Quelli che hanno di più pagano più di tutti. Il prezzo più alto è la solitudine. Il prezzo più alto è una strana forma di disprezzo, che è diverso da quello che chi ti invidia ha per te. E’ un disprezzo che ti ferisce ogni giorno e che combatti ogni giorno perché quando hai tanto di più, che quel tanto sia poco, sia molto, sia abbastanza, sia all’altezza delle aspettative del mondo o non lo sia, bruci dalla voglia di darlo, agli altri, a quelli che prendendo diranno potevi darmi di più. E non diranno mai grazie, che conta anche poco. Non diranno mai bravo, non lo sarai mai abbastanza. Nessuna giustizia dunque. Nonostante sia giusto dare di più. E nessun premio. Tranne quello che tu dai a te stesso ogni volta che vinci. Che ti rispetti. Che alzi la testa e ti guardi allo specchio e di là il tuo sogno, il tuo talento, il tuo impegno, la tua volontà, non importa che cosa, ti fa l’occhiolino, da sopra alle occhiaie, sotto la fronte sudata, che ti asciughi con le mani stanche, che hanno sempre e ancora voglia di ricominciare.
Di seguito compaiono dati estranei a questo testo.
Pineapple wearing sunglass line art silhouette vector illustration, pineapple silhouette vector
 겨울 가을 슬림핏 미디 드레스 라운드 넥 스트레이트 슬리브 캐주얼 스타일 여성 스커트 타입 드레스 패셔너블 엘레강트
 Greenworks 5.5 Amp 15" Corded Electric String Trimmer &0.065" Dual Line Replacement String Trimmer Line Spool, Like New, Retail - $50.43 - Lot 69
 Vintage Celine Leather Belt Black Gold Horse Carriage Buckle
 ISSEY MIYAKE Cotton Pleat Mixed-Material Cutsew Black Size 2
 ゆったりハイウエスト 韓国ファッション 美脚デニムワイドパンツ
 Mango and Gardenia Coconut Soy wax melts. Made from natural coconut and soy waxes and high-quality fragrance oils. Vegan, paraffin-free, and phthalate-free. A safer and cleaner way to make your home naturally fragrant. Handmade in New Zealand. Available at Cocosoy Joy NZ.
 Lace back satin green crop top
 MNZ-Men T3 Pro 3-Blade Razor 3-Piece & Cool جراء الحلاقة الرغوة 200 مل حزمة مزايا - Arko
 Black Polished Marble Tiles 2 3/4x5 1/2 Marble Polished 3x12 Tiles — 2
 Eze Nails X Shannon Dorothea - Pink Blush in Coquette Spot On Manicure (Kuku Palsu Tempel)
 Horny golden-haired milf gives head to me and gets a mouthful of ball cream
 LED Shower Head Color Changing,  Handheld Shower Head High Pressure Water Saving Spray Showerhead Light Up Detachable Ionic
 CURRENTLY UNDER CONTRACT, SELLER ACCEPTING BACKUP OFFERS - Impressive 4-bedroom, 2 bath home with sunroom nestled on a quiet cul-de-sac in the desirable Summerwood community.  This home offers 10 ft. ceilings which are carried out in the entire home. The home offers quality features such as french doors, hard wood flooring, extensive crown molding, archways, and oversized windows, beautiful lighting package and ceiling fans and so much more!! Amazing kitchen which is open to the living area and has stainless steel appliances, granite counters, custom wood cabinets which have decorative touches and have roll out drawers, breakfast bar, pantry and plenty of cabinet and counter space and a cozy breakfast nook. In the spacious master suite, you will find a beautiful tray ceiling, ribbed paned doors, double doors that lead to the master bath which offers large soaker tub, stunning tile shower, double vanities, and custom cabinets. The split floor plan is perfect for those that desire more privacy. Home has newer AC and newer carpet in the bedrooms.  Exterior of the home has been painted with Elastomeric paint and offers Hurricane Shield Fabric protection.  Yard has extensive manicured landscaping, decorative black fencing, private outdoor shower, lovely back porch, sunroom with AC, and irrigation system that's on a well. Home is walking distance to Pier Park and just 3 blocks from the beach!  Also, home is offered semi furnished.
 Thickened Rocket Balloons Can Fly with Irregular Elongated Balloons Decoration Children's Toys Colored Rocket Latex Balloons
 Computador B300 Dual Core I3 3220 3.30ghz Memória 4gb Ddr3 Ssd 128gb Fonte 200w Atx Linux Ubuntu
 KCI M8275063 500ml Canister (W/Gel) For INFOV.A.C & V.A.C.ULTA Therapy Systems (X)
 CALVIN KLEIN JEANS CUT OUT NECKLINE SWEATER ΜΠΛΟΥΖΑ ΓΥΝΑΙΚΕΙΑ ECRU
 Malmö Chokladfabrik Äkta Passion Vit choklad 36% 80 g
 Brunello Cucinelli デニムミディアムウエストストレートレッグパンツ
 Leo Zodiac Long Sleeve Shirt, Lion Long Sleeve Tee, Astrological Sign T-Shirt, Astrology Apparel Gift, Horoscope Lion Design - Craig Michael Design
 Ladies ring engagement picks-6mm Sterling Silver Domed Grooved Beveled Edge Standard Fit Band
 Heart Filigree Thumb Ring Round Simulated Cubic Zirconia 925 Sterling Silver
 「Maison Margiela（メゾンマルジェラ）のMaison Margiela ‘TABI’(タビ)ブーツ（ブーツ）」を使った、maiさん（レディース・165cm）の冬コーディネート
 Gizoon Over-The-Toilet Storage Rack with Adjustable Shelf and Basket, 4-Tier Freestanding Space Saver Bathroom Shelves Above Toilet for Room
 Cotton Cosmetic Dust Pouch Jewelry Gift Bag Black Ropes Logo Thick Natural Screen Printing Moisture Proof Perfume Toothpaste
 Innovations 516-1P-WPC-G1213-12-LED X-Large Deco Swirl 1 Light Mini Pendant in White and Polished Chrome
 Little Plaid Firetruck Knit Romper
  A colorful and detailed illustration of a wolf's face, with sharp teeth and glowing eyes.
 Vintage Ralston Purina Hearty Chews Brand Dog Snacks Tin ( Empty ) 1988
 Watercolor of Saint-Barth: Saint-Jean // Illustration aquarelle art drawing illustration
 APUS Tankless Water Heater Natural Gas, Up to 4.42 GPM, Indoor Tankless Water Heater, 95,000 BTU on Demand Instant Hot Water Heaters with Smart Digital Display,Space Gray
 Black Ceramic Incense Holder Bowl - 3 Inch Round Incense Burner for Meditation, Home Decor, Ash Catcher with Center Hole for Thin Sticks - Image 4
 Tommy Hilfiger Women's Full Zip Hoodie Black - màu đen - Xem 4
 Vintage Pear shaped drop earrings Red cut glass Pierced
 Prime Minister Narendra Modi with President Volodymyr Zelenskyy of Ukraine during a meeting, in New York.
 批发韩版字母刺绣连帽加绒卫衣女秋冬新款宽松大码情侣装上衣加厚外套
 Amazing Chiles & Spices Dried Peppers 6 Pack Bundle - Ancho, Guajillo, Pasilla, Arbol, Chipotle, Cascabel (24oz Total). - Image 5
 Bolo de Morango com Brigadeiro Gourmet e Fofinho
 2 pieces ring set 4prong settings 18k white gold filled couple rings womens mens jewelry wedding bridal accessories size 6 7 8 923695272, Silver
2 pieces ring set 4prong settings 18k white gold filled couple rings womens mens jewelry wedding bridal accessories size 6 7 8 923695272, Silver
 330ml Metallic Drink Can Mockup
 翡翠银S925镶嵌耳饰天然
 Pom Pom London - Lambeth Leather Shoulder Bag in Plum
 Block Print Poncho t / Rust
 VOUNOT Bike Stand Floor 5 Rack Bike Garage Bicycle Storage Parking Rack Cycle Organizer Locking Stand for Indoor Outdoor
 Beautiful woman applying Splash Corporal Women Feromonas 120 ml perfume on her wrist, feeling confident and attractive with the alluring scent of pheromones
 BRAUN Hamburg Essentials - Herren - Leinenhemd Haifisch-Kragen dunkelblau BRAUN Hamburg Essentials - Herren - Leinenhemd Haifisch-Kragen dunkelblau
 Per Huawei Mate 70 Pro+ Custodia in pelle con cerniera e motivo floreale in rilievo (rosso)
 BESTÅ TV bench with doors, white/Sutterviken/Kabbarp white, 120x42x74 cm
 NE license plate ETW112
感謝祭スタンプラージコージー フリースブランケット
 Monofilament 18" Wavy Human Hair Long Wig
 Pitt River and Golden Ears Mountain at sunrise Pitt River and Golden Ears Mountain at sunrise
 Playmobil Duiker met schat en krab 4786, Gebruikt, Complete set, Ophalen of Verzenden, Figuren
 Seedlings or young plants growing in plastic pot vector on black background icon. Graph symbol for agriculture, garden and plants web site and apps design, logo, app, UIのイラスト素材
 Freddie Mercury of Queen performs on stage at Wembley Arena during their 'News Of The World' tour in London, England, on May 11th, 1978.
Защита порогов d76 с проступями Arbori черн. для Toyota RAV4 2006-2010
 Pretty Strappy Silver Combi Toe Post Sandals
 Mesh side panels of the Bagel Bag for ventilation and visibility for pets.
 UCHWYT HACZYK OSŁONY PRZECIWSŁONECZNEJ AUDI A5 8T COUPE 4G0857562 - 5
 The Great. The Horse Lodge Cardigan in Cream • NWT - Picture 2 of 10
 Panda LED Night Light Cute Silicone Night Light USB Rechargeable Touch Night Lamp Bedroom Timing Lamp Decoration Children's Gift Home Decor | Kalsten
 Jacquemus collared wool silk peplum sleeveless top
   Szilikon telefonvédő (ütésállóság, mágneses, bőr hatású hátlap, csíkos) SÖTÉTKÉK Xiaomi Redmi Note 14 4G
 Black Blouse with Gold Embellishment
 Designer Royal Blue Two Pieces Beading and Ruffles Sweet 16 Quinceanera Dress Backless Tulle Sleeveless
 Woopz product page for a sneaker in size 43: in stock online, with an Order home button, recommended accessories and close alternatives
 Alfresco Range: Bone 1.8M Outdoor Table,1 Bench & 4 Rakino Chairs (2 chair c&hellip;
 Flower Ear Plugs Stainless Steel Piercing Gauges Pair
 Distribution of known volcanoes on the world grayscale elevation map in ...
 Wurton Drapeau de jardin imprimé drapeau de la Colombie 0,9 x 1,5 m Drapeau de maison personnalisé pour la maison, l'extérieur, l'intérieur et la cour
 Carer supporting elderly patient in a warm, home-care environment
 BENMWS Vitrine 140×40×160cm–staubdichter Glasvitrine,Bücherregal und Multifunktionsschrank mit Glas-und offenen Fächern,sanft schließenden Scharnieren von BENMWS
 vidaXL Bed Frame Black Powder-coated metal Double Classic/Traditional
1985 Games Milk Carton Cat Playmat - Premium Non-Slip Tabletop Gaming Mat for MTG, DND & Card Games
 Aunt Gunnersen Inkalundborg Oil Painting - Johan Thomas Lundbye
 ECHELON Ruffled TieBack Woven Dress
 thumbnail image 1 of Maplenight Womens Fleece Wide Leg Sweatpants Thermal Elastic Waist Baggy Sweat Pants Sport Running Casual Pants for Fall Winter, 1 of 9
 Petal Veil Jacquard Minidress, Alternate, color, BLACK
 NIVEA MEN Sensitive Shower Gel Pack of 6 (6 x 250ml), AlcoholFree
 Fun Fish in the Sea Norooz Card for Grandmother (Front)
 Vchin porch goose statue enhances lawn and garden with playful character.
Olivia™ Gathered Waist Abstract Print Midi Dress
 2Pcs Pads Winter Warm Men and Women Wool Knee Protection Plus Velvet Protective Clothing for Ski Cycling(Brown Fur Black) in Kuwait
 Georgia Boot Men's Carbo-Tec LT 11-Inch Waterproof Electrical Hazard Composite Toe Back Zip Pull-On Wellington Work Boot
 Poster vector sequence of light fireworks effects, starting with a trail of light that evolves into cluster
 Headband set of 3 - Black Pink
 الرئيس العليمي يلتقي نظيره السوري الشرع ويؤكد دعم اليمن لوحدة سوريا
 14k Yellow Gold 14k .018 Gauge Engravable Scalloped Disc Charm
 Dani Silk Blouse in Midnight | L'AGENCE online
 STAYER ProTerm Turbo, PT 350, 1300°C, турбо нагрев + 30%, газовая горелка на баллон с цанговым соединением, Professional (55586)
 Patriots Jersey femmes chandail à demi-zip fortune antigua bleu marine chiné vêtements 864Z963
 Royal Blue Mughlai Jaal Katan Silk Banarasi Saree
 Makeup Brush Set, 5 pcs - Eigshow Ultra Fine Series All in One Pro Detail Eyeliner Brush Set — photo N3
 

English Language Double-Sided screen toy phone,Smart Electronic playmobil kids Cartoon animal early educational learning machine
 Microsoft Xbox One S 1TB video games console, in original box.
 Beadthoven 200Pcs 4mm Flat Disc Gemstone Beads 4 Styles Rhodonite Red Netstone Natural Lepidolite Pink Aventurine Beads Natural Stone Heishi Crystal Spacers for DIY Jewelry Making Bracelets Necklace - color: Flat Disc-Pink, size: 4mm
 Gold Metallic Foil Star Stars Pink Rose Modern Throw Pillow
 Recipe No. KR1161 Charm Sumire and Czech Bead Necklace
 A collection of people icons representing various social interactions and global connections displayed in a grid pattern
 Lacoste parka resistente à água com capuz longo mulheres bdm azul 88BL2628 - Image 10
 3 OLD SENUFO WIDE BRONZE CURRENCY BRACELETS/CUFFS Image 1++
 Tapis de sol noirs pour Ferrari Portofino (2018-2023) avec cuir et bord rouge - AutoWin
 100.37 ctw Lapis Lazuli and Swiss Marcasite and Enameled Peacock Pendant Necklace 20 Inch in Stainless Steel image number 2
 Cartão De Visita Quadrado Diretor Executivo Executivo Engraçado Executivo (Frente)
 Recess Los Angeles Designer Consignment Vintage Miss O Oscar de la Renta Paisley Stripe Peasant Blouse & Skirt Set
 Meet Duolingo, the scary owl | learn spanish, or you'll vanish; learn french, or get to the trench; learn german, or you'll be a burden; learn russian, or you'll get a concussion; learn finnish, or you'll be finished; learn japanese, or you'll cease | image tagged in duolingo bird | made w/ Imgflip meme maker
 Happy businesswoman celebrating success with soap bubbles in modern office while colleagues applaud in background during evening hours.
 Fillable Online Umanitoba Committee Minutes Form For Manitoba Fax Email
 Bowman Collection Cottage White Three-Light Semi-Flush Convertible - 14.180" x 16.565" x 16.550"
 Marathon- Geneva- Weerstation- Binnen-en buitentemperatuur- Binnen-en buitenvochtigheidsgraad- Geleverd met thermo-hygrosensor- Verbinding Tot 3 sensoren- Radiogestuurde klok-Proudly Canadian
Potevo essere meno. Potevo essere abbastanza. Godermi i miei piccoli premi, le mie piccole soddisfazioni, chiudere il lavoro fuori la porta di casa e andarmene al cinema, o al bar con gli amici. Potevo avere una donna per sempre e dei figli e un cane e tre settimane di ferie. E aspettarmi da qualcuno, da ognuno, che mi desse di più. Per restare deluso ogni volta.